Petrol and Diesel prices are already well north of the £1.80 mark, and set to rise further with the biggest daily jump seen in 17 years. With rampant inflation hitting pockets hard right now, every penny saved counts. Here’s our guide to saving up to 30 percent on your petrol and diesel costs.
1. Change how you drive
- Slow down – Cutting your motorway speed from the legal limit of 70mph to 55mph can reduce consumption by as much as 25 percent.
Be smooth - Be gentle with the throttle and brake, use moderate acceleration. Braking unnecessarily wastes energy. Look further ahead and leave bigger gaps to maintain steady momentum rather than constant breaking and accelerating which uses more fuel.
Change up early – Many modern cars have Eco driving modes, use these. If not, try to use as little acceleration as possible and if you are driving a manual car, change up earlier than you normally would; being in a higher gear means less load on the engine, and reduced fuel consumption.
Use Stop/Start – Many modern cars can automatically switch engines off at traffic lights and when in traffic, this also helps reduce emissions. Make sure you use this feature. If your car doesn’t have it, get into the habit of manually switching off your car at longer hold traffic lights.
- Plan your drive – Stop-go driving in traffic uses more fuel. Plan your journey before leaving home, avoid peak times if possible, and use apps like Google Maps and Waze even if you know where you’re going, as they will try to reroute you around traffic congestion. Think ahead about parking; avoid driving around aimlessly looking for spots.
- Switch off the air-con – Keeping the air conditioning on in your car can increase your fuel consumption by 8-10 percent.

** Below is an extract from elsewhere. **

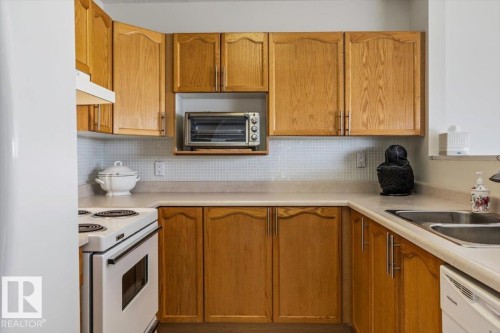 Kitchen featuring light wood-finish cabinetry, a white electric range, a double basin stainless steel sink, and light-colored countertops with a tiled backsplash - 427 15499 Castle Downs Road, Edmonton, AB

DO NOT DO THIS - Don’t follow these myths about fuel-saving driving techniques.
- Do not switch off the engine while moving. This is very dangerous as you’ll lose the power steering and servo assisted brakes, as well as the additional driver’s aid systems on board. You also risk engaging the steering lock.
- Do not coast by putting the clutch down or selecting neutral gear in a manual car. The car actually goes into idling mode and behaves as if it’s stationary, thereby continuing to use fuel. To coast, just lift off the accelerator, in modern cars this shuts off the injectors and minimises fuel usage.
2. Look After Your Car
- Your car is most fuel efficient when it’s working at optimum levels, and the only way to ensure that is to regularly service your car and have it checked out. Even the type and quality of oil, such as using synthetic 5W30, can improve fuel consumption by 1-2 percent (although this can increase wear on older cars). Employing high performance spark plugs, like iridium-tipped editions, can also improve efficiency.
- Check your tyres! Under-inflated tyres can increase fuel consumption by as much as 3 percent. Make sure they’re set to the correct manufacturer-recommended pressures. Ensure good tyre tread and replace any worn, damaged or bruised tyres immediately. This is also an essential safety tip.
- Check our website for maintenance and tyre insurance.
3. Ditch the Weight and Reduce Drag
- The more extra weight you carry, the more fuel you will use. 100lb or 45kg additional weight can add 1-2 percent to your fuel economy, even a full tank of fuel can take nearly 1 percent off your fuel economy. Carrying a passenger could reduce your fuel efficiency by as much as 3-4 percent. While we’re not suggesting you ditch your friends and family (car-pooling actually adds to overall efficiency and reduced emissions), do think about removing anything unnecessary from the boot or storage compartments.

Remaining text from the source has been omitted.